------ GIVEN DATA ------
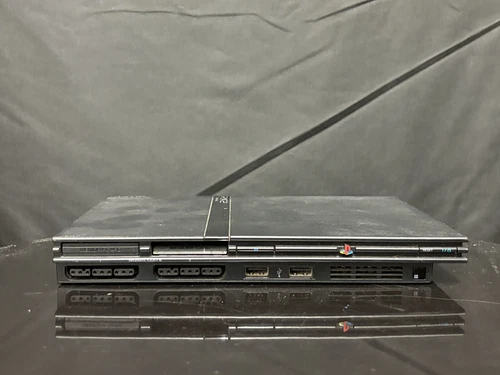 Playstation 2 Slim Black - Video Game Console and Cables NO CONTROLLER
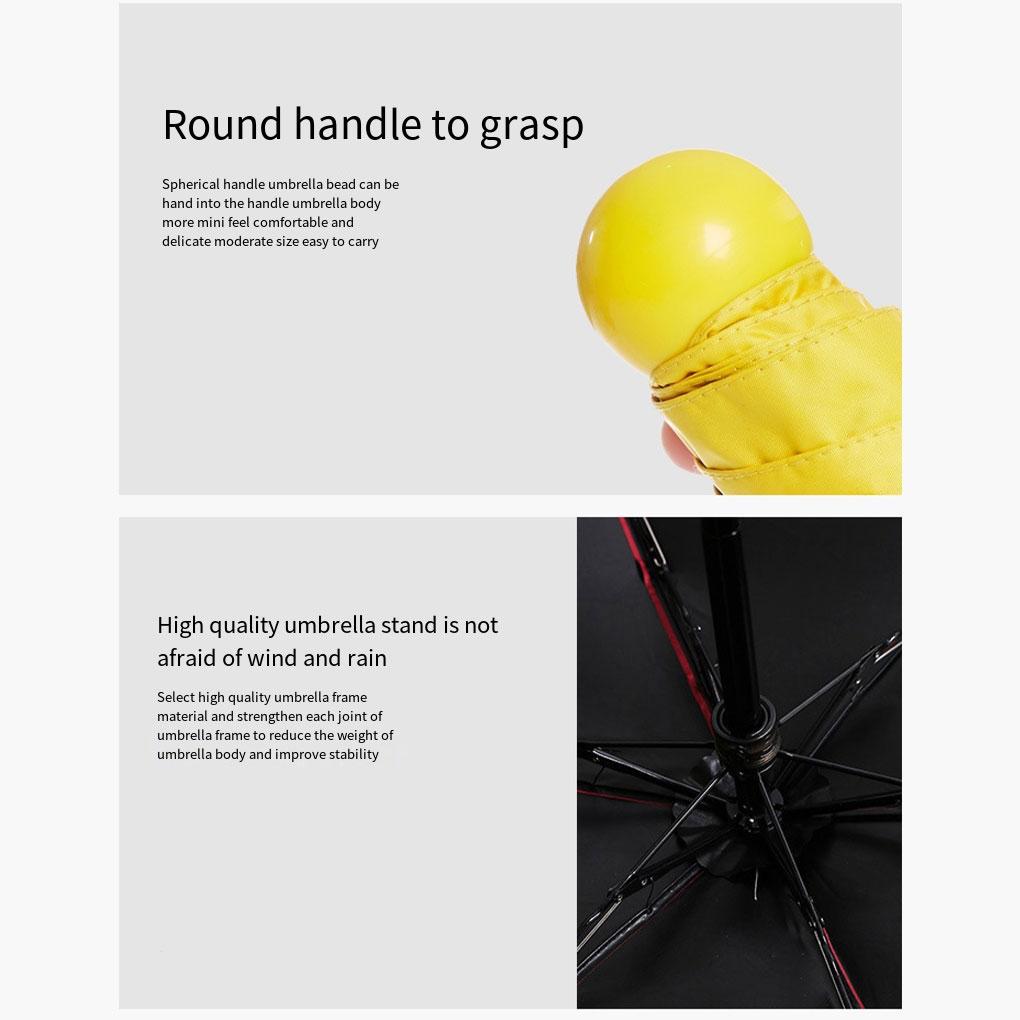 Portable And Reliable Foldable Pocket Umbrella For Outdoor Protection All-weather Umbrella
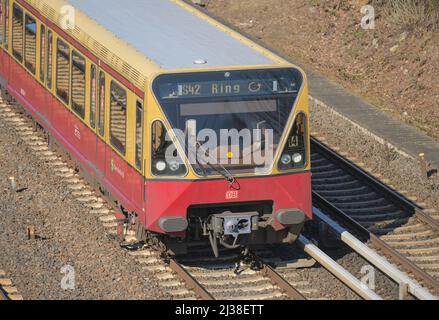 Ringbahn S 41, Wilmersdorf, Berlin, Deutschland Stockfoto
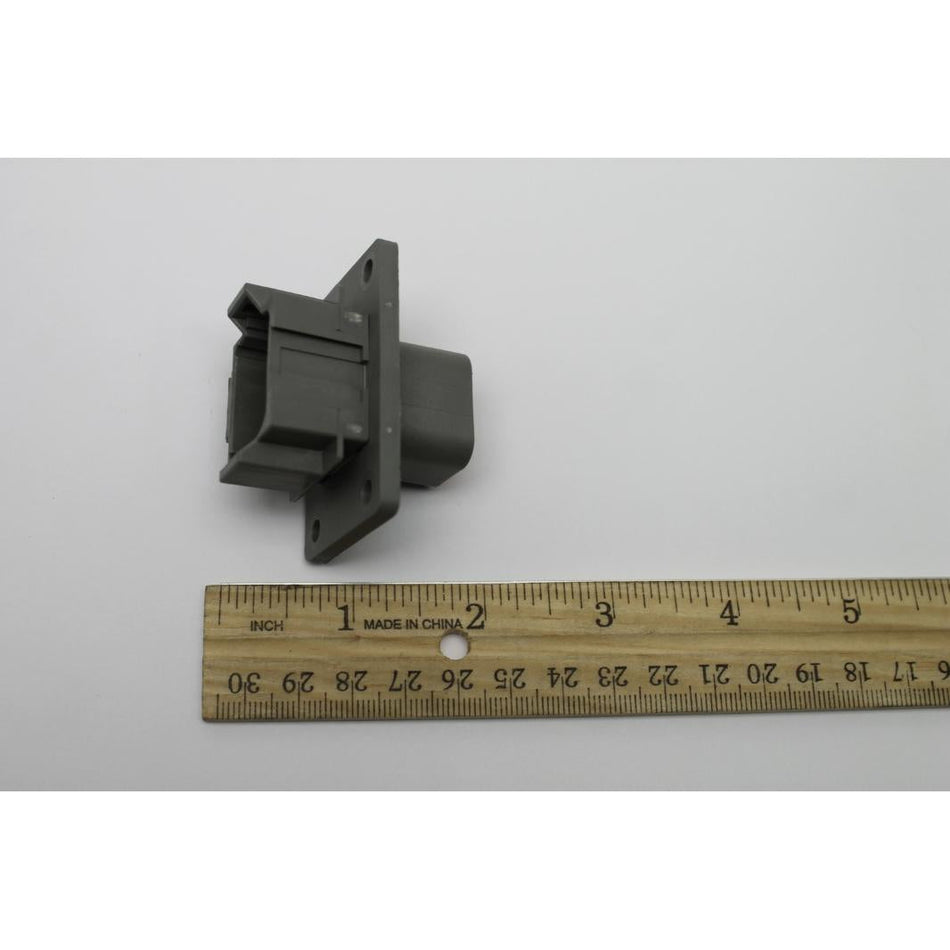 Genie Part # 87755. 87755GT - CONN. RECEP. 8 WAY. DEUTSCH. DT. GRAY/FLANGE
------
When you retype the material above, keep every word exact and drop the images.

WRITTEN RESPONSE.
 Playstation 2 Slim Black - Video Game Console and Cables NO CONTROLLER
 Portable And Reliable Foldable Pocket Umbrella For Outdoor Protection All-weather Umbrella
 Ringbahn S 41, Wilmersdorf, Berlin, Deutschland Stockfoto
 Genie Part # 87755. 87755GT - CONN. RECEP. 8 WAY. DEUTSCH. DT. GRAY/FLANGE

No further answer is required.